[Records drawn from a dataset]
━━━━━━━━━━
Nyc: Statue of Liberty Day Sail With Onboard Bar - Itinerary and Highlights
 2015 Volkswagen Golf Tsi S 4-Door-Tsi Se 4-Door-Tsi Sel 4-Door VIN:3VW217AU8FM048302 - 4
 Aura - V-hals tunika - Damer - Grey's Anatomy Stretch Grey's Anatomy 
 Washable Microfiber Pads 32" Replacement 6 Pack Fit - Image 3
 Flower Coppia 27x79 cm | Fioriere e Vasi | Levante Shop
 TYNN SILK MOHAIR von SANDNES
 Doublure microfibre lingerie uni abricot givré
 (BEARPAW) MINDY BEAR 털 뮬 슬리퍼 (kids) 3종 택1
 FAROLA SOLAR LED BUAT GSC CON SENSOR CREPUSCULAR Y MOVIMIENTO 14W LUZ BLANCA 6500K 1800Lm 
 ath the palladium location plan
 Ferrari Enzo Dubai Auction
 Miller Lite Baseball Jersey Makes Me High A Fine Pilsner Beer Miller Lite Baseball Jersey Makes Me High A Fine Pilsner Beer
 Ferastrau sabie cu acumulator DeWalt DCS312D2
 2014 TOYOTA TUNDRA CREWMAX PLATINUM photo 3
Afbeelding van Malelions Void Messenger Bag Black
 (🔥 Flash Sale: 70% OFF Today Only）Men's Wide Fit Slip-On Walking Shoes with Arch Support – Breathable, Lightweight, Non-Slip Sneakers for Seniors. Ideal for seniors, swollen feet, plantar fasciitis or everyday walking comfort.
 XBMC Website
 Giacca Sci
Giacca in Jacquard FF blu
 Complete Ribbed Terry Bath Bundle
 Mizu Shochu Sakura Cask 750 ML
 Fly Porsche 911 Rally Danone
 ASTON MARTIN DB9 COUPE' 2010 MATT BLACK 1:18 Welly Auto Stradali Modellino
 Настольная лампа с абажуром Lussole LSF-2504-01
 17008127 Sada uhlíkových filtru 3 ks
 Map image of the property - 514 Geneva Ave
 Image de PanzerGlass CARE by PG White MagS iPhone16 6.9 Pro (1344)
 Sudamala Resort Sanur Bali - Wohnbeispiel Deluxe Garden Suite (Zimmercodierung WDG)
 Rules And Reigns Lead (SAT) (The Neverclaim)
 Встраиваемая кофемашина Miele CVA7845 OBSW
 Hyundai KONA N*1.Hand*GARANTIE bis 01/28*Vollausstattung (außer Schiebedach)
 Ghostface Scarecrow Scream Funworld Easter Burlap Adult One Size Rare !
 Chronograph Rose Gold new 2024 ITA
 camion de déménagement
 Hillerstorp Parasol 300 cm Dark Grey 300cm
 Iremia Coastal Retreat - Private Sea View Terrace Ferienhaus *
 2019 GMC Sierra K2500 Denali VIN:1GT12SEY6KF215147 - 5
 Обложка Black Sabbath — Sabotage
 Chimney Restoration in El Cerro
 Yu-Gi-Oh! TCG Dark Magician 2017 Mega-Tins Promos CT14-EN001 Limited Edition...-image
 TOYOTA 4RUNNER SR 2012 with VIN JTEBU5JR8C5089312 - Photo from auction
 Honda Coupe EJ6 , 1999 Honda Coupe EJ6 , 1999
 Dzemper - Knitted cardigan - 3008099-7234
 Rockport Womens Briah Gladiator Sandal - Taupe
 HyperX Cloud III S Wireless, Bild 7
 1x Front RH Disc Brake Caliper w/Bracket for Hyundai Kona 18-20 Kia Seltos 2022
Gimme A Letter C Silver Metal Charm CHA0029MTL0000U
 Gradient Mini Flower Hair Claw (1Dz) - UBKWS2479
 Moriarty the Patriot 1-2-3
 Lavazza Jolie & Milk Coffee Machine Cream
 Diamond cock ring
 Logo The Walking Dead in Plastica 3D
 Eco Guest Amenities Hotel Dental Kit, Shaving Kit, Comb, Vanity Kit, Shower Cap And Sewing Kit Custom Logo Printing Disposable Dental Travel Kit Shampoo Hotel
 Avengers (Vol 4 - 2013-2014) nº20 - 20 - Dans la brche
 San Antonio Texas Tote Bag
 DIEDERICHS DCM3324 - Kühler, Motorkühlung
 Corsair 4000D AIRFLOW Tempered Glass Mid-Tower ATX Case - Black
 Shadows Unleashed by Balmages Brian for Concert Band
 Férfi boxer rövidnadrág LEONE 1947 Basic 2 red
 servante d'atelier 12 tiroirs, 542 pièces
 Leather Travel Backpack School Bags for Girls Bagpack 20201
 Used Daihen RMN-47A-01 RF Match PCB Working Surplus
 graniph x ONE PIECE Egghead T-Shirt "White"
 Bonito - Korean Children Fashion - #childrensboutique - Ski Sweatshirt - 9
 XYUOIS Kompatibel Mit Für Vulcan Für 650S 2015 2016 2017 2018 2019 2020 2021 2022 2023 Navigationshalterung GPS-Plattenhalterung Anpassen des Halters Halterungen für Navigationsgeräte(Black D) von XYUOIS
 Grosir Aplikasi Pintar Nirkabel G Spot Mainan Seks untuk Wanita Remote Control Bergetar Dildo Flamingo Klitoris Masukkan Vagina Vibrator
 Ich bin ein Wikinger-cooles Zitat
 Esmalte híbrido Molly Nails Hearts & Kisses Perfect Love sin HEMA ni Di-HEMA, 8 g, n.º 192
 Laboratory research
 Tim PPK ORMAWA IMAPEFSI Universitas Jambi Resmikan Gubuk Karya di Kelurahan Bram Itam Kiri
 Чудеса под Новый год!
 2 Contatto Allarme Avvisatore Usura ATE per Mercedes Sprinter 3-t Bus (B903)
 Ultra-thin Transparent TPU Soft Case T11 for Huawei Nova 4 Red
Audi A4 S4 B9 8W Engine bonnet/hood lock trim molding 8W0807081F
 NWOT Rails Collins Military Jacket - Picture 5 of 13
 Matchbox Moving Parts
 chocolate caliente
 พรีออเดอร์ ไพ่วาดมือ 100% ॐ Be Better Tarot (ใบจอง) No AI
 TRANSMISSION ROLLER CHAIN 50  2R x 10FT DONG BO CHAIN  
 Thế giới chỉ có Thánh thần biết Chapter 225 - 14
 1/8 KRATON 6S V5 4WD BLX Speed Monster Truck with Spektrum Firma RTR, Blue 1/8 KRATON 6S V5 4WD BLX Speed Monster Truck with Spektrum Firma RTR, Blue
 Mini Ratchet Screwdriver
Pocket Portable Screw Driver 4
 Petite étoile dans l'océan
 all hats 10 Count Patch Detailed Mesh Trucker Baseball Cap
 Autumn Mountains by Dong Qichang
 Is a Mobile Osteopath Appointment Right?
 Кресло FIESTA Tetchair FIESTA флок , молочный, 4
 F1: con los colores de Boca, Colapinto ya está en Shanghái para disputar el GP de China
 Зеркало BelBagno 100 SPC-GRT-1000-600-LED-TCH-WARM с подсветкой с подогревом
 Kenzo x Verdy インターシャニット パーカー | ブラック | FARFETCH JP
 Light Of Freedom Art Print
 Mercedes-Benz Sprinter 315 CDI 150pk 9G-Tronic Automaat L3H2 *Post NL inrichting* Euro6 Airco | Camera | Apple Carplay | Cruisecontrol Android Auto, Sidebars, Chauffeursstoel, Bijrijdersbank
━━━━━━━━━━
Action item: Your output must contain exactly the lines from the one containing "F1: con los" to the final line of the data above, and no other text.

Worked solution:
 F1: con los colores de Boca, Colapinto ya está en Shanghái para disputar el GP de China
 Зеркало BelBagno 100 SPC-GRT-1000-600-LED-TCH-WARM с подсветкой с подогревом
 Kenzo x Verdy インターシャニット パーカー | ブラック | FARFETCH JP
 Light Of Freedom Art Print
 Mercedes-Benz Sprinter 315 CDI 150pk 9G-Tronic Automaat L3H2 *Post NL inrichting* Euro6 Airco | Camera | Apple Carplay | Cruisecontrol Android Auto, Sidebars, Chauffeursstoel, Bijrijdersbank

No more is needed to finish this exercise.